$\infty$-Diff: Infinite Resolution Diffusion with Subsampled Mollified States
Sam Bond-Taylor, Chris G. Willcocks
TL;DR
This work tackles the challenge of scaling diffusion models to arbitrary resolutions by modeling data as functions in an infinite-dimensional space and training on randomly subsampled coordinates. It introduces Infinity-Diff, a mollified diffusion framework with neural-operator denoisers that map between function spaces, eliminating the need for latent compression common in neural-field approaches. Key contributions include a practical finite-time diffusion process in a Hilbert space, a multi-scale neural-operator architecture with efficient sparse components, and strong empirical results on high-resolution datasets showing high quality samples with up to 8x subsampling, along with discretisation invariance and capabilities like super-resolution and inpainting. The approach yields substantial run-time and memory savings, competitive or superior FID scores, and scalable sampling beyond training resolution, offering a viable path for high-resolution generative modeling without fixed grids or heavy latent compression.
Abstract
This paper introduces $\infty$-Diff, a generative diffusion model defined in an infinite-dimensional Hilbert space, which can model infinite resolution data. By training on randomly sampled subsets of coordinates and denoising content only at those locations, we learn a continuous function for arbitrary resolution sampling.

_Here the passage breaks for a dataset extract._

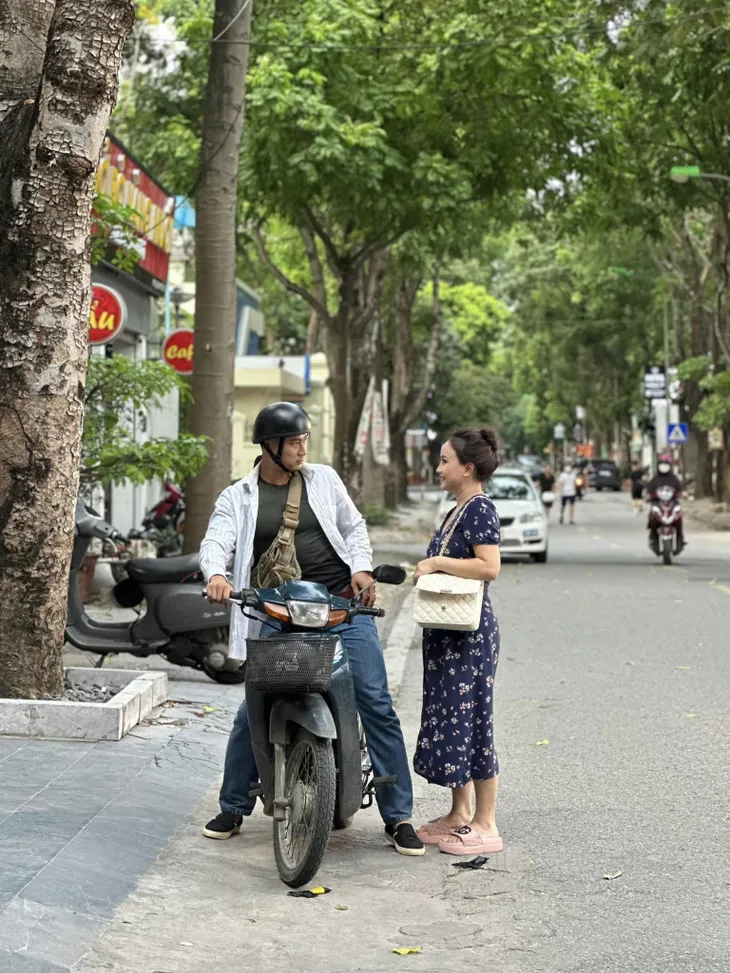 Cô Xuyến Về nhà đi con kết đôi Duy Hưng trong phim mới? - Ảnh 4. Cô Xuyến Về nhà đi con kết đôi Duy Hưng trong phim mới? - Ảnh 4.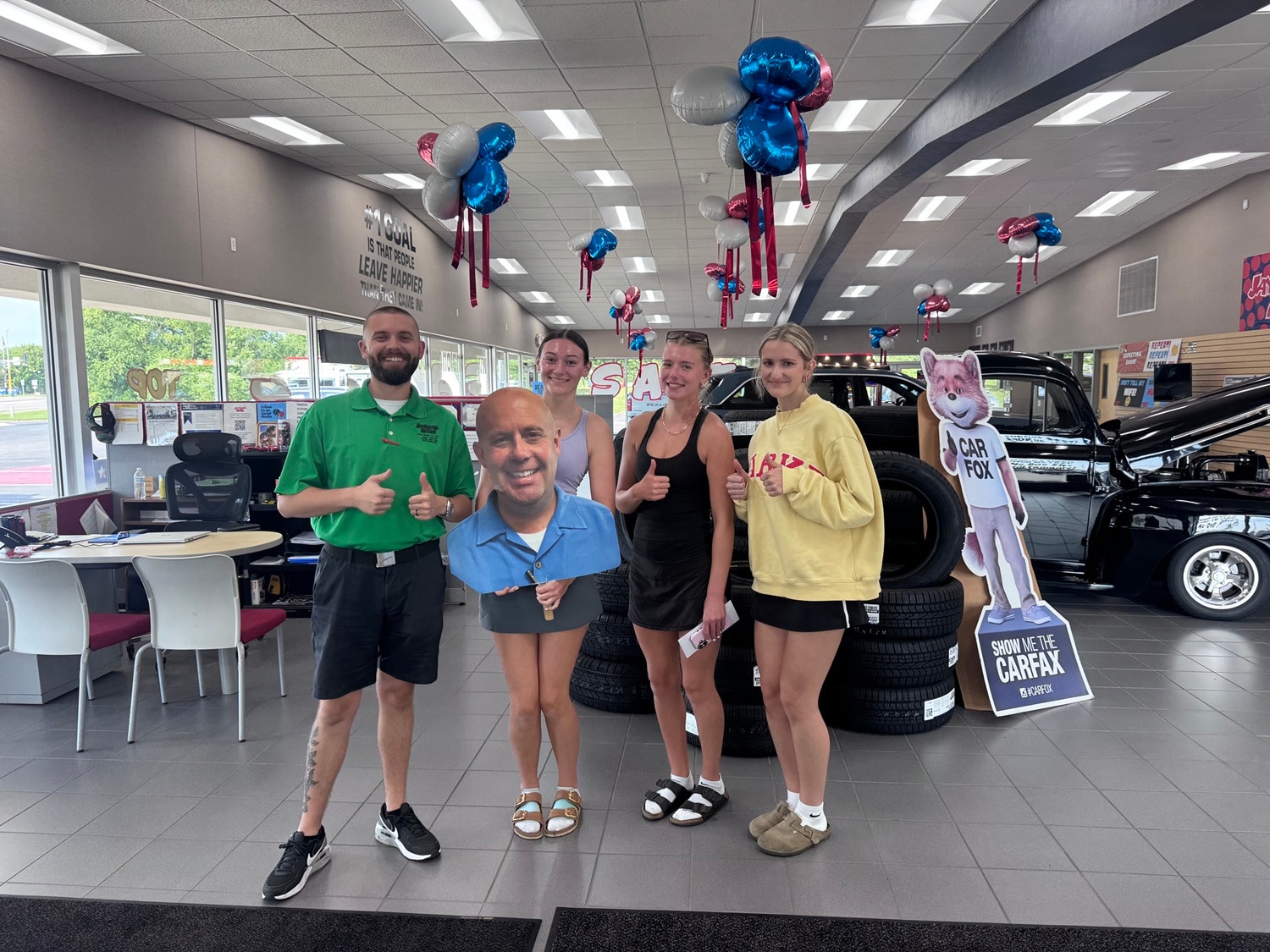Jay Malone Motors supports the Hutchinson High School Girls Tennis team in Hutchinson, Minnesota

Unlike prior neural field-based infinite-dimensional models, which use point-wise functions requiring latent compression, our method employs non-local integral operators to map between Hilbert spaces, allowing spatial context aggregation. This is achieved with an efficient multi-scale function-space architecture that operates directly on raw sparse coordinates, coupled with a mollified diffusion process that smooths out irregularities. Through experiments on high-resolution datasets, we found that even at an $8\times$ subsampling rate, our model retains high-quality diffusion. This leads to significant run-time and memory savings, delivers samples with lower FID scores, and scales beyond the training resolution while retaining detail.